# Recording Stream Programs



## saberman (May 4, 2004)

Does the TiVo Edge have the equivalent of a Roku built in? Can you select to record stream services the way you record TV channels?


----------



## cwoody222 (Nov 13, 1999)

saberman said:


> Does the TiVo Edge have the equivalent of a Roku built in? Can you select to record stream services the way you record TV channels?


No.

You can record cable or antenna tv, depending on model, and has apps for Netflix, Prime and some others. The apps are horrible, though.

Recording a streaming service makes no sense since content is on demand. Plus, it would violate the TOS of the service.


----------



## dianebrat (Jul 6, 2002)

saberman said:


> Does the TiVo Edge have the equivalent of a Roku built in? Can you select to record stream services the way you record TV channels?


Was there a lack of clarity in the responses your previous post on almost the exact same question?








Is There Anyway to Use a TiVo Series 2 To Record...

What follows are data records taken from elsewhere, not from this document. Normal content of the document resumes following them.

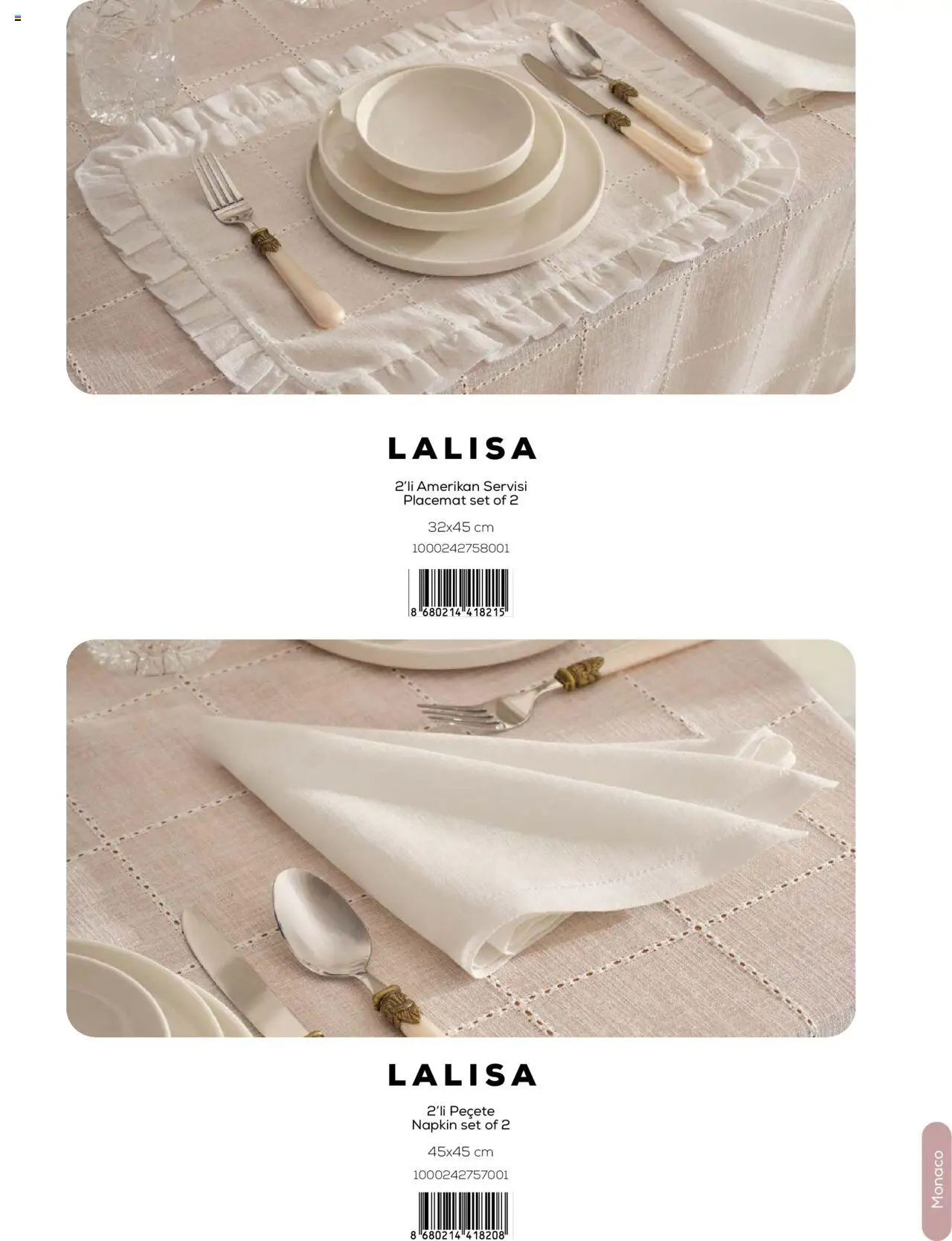 Karaca Home Katalog - 01.03.2025 tarihinden itibaren geçerlidir | Sayfa: 37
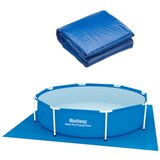 Bestway Prostirka za bazen 274x274cm 58000 Prostirka za bazen 274x274cm 58000 | Eponuda.com
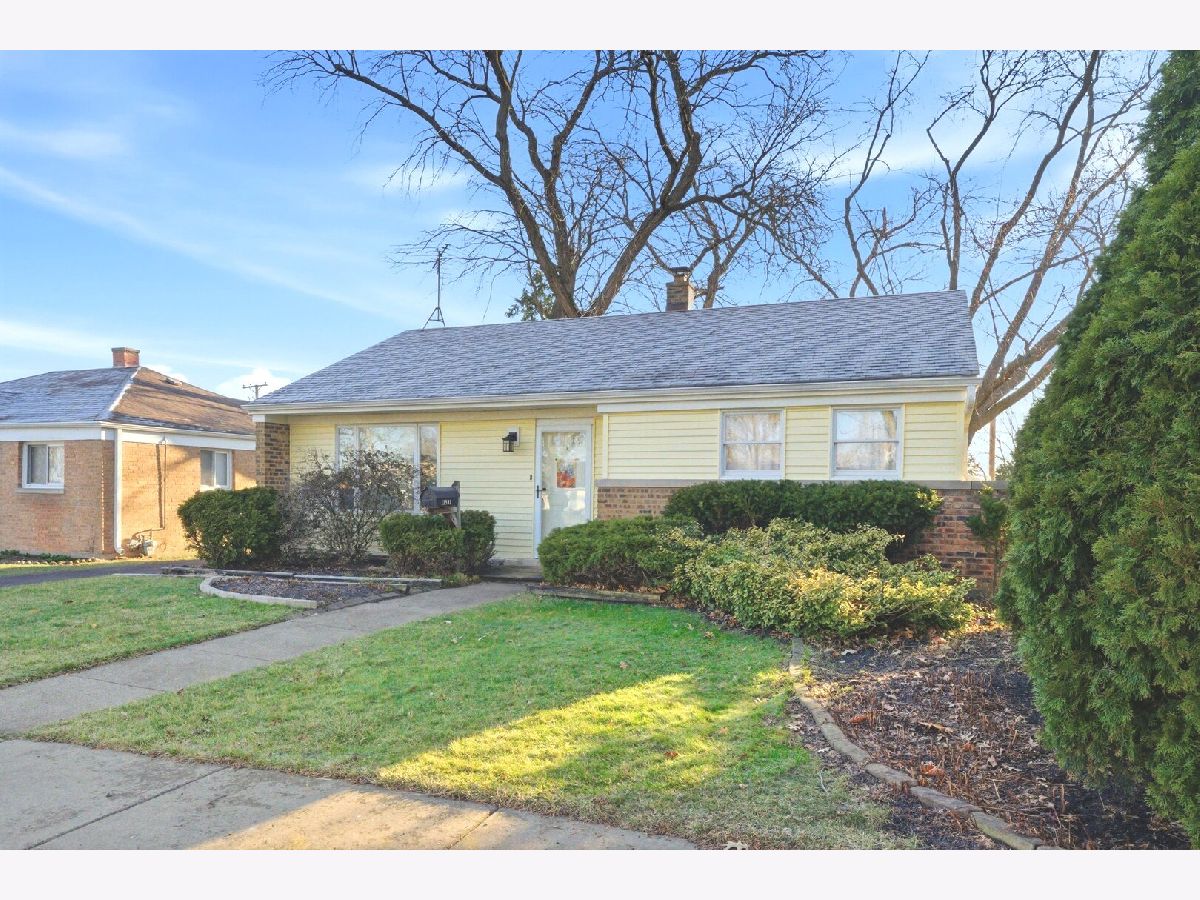  For Sale Homewood Illinois, 17531 Western Avenue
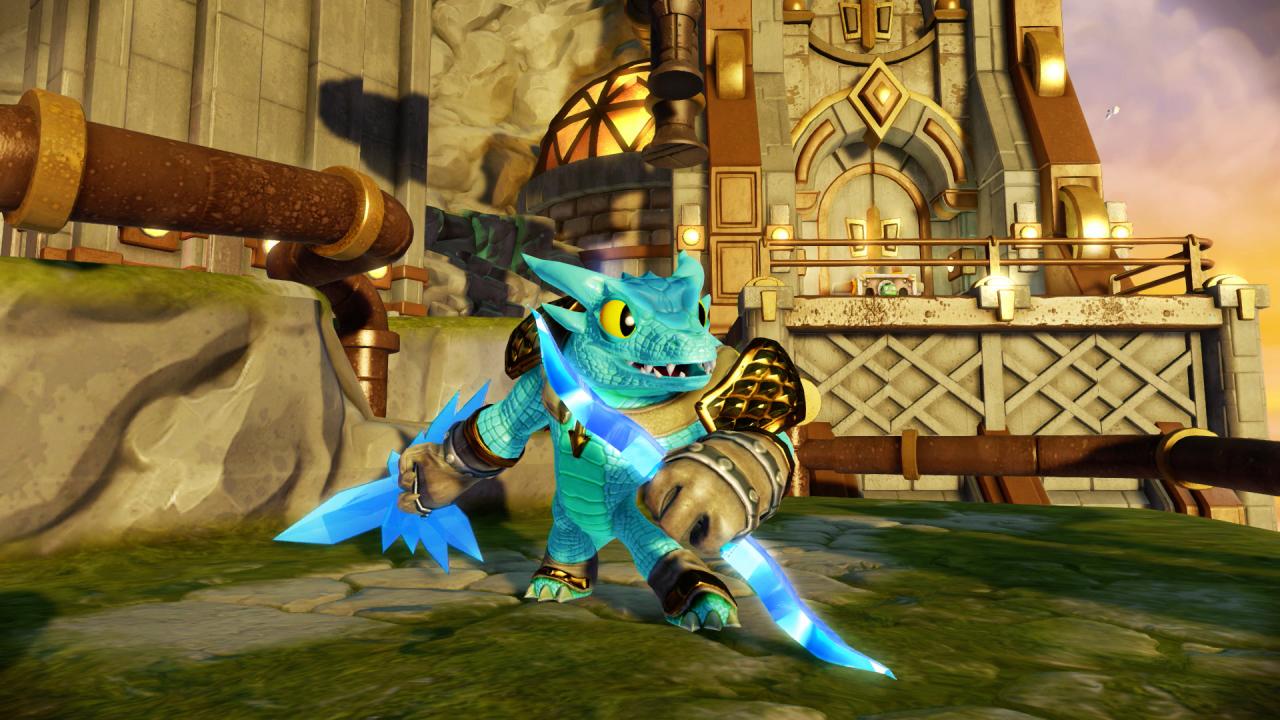 [24/04/2014] Skylanders: Trap Team im Test. (5)
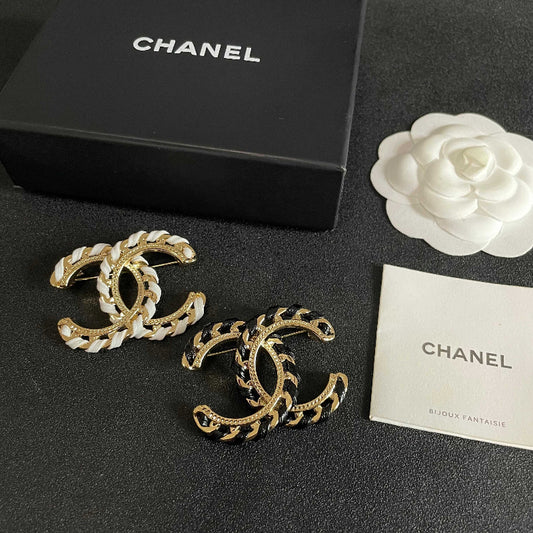 Premium Edition Brooch、Brooches Collection、CH*NEL Series、𝐁𝐫𝐨𝐨𝐜𝐡𝐞𝐬（𝐇）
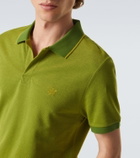 Vilebrequin Cotton piqué polo shirt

I can use a Ruko to feed streaming video from the internet to the TiVo. Is there anyway to feed the internet stream directly to the TiVo and be able to select programs/times to record? Do any of the more recent TiVos have this ability? I realy want to cancel my cable service but need a way of...




www.tivocommunity.com




We covered all the variables there for newer machines in addition to the older ones, what you want to do is not possible.


----------